§ Action item
Each entry that follows should be set down precisely, with its pictures removed.

** Record set follows **

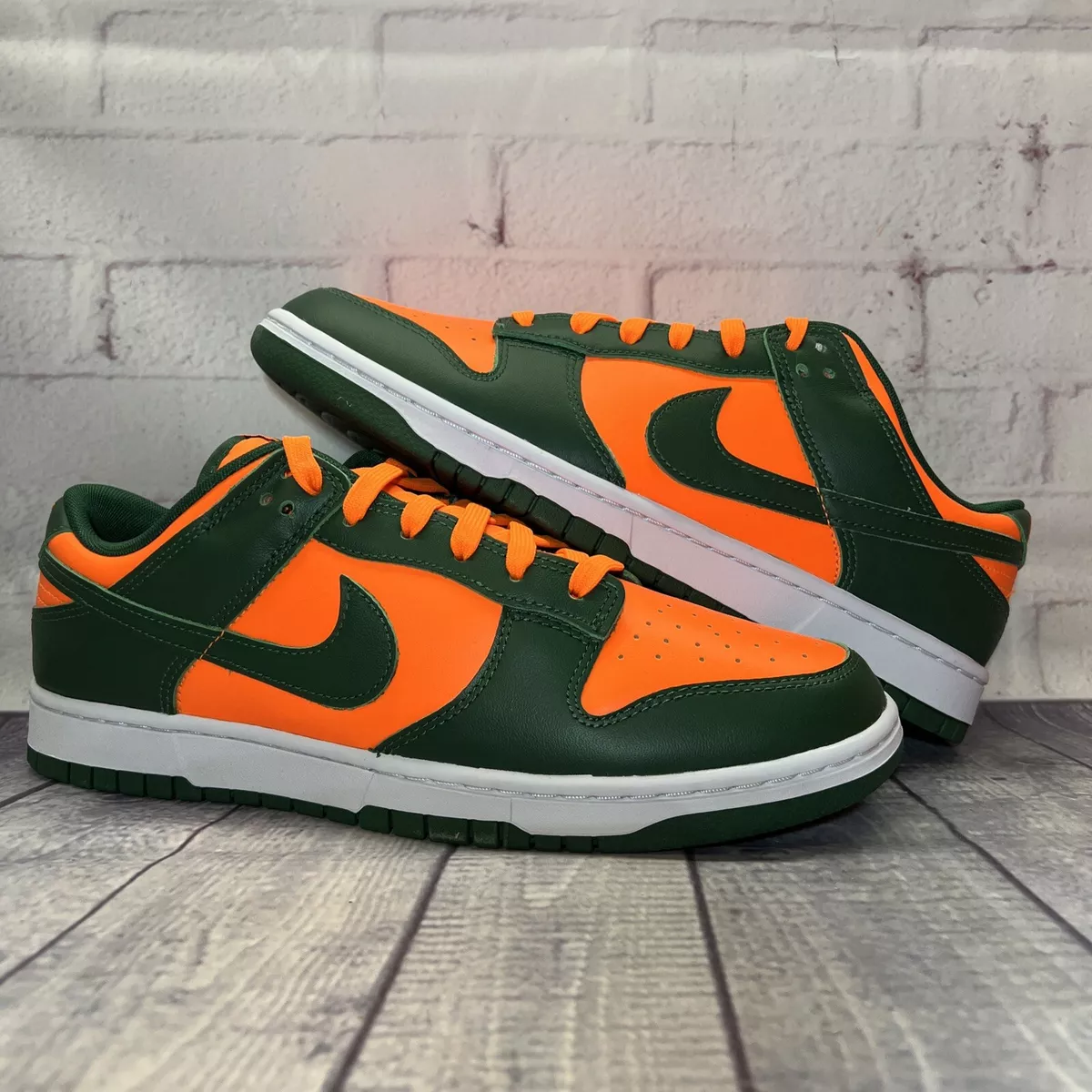 Nike Dunk Low Miami Hurricanes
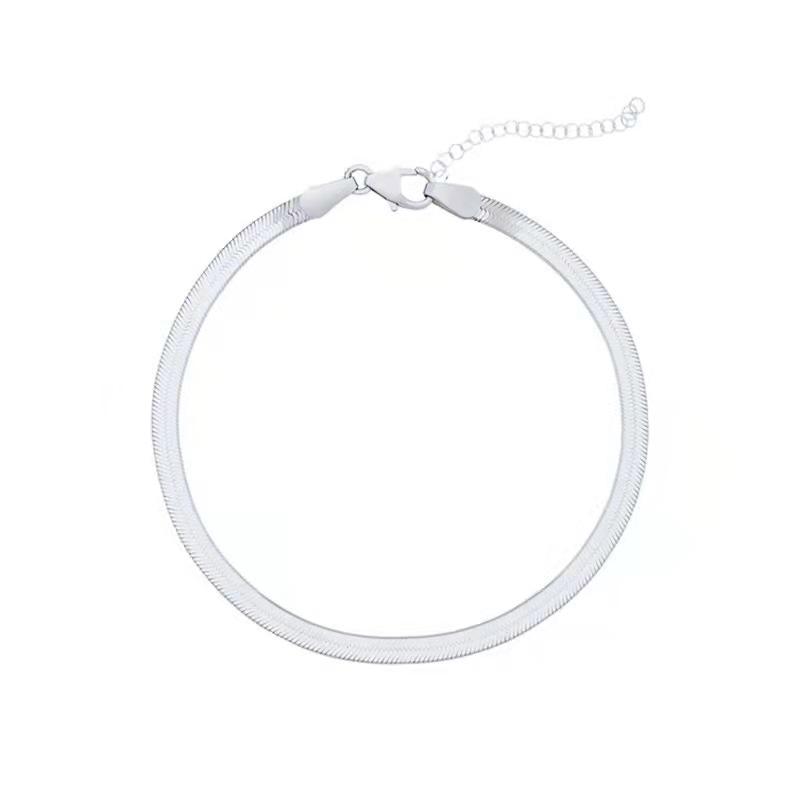 Pulsera Snake Vega plateada sobre fondo blanco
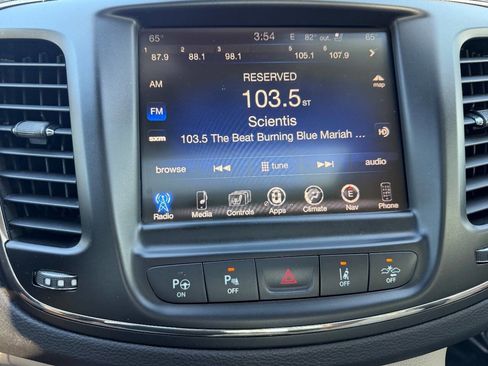 Used 2015 Chrysler 200 C w/ Navigation & Sound Group I image 69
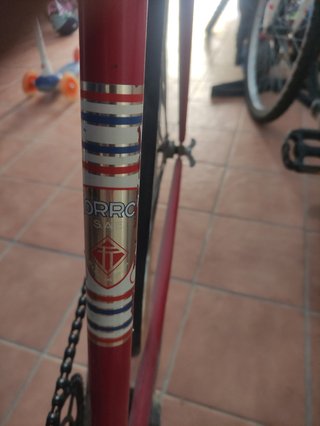 Bicicleta antigua carretera
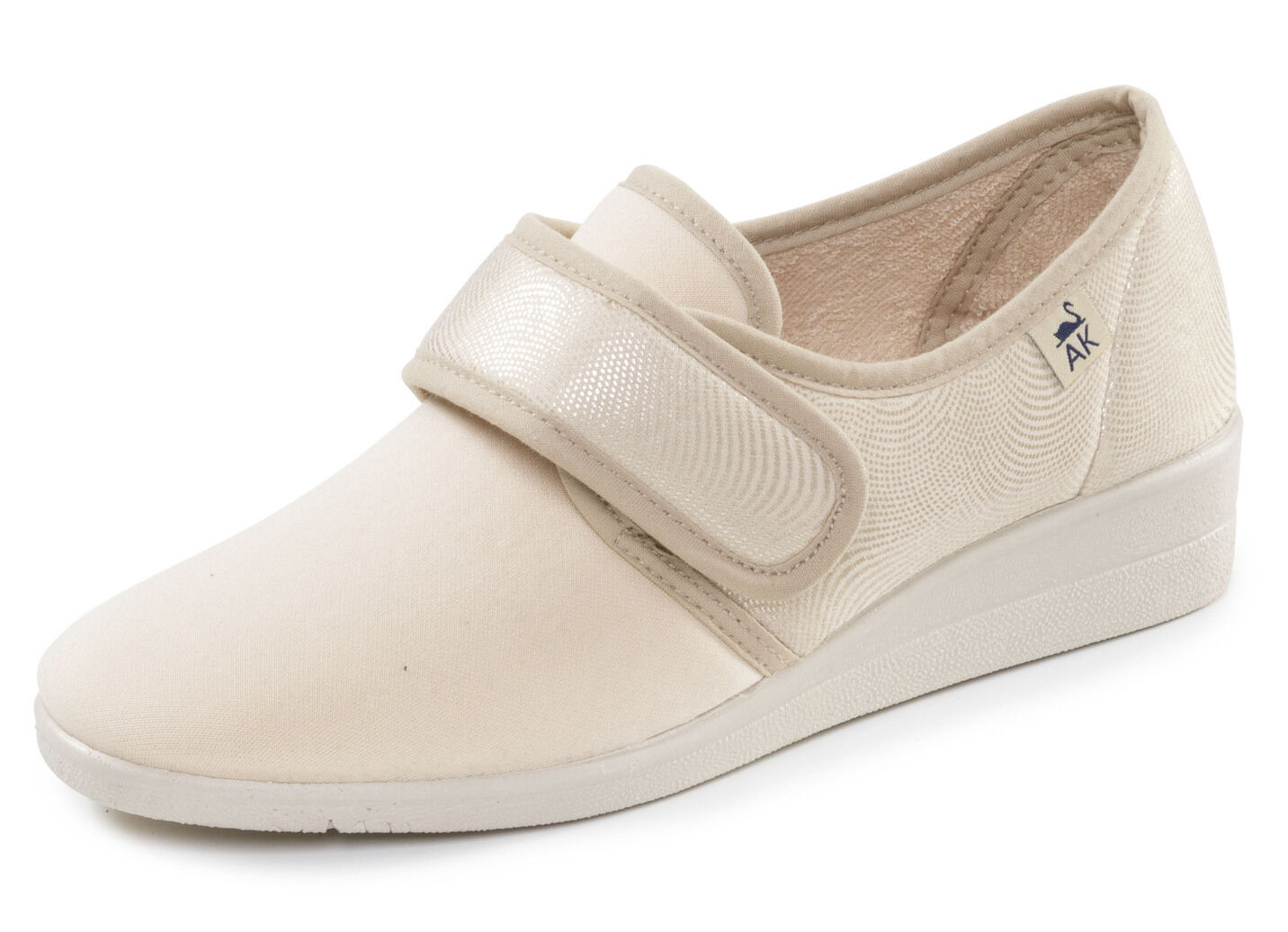 Bequeme Damen-Klettschuhe, aus angenehm gepolstertem Textilmaterial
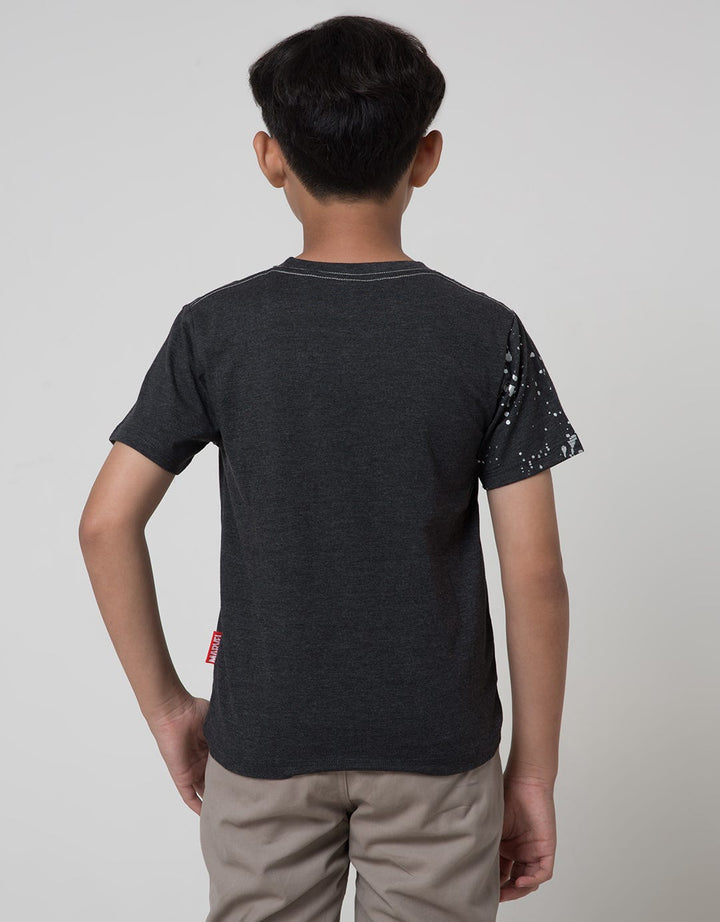 Marvel T-Shirt Spiderman Jongkok Stamp Amazing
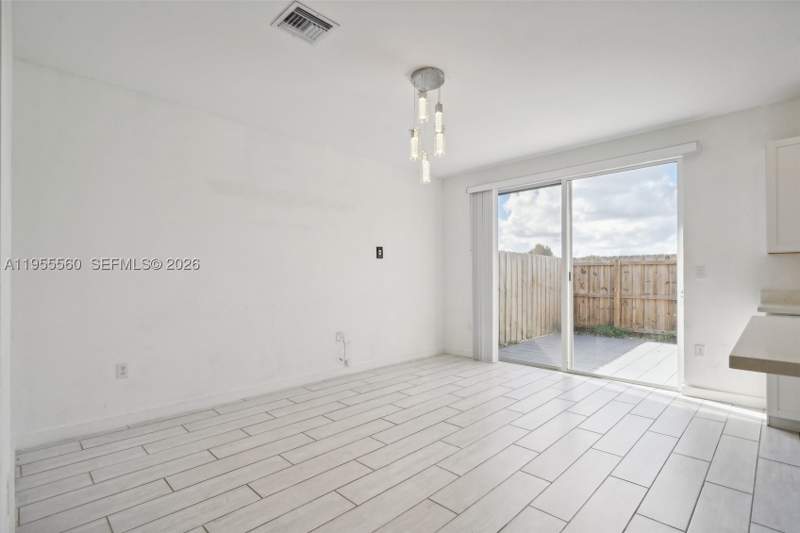 4 bedroom Townhouse at 1006 SE 23rd Ave, Shores At Keys Gate, Homestead — photo 4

** End of Record set **

§ Your solution
 Nike Dunk Low Miami Hurricanes
 Pulsera Snake Vega plateada sobre fondo blanco
 Used 2015 Chrysler 200 C w/ Navigation & Sound Group I image 69
 Bicicleta antigua carretera
 Bequeme Damen-Klettschuhe, aus angenehm gepolstertem Textilmaterial
 Marvel T-Shirt Spiderman Jongkok Stamp Amazing
 4 bedroom Townhouse at 1006 SE 23rd Ave, Shores At Keys Gate, Homestead — photo 4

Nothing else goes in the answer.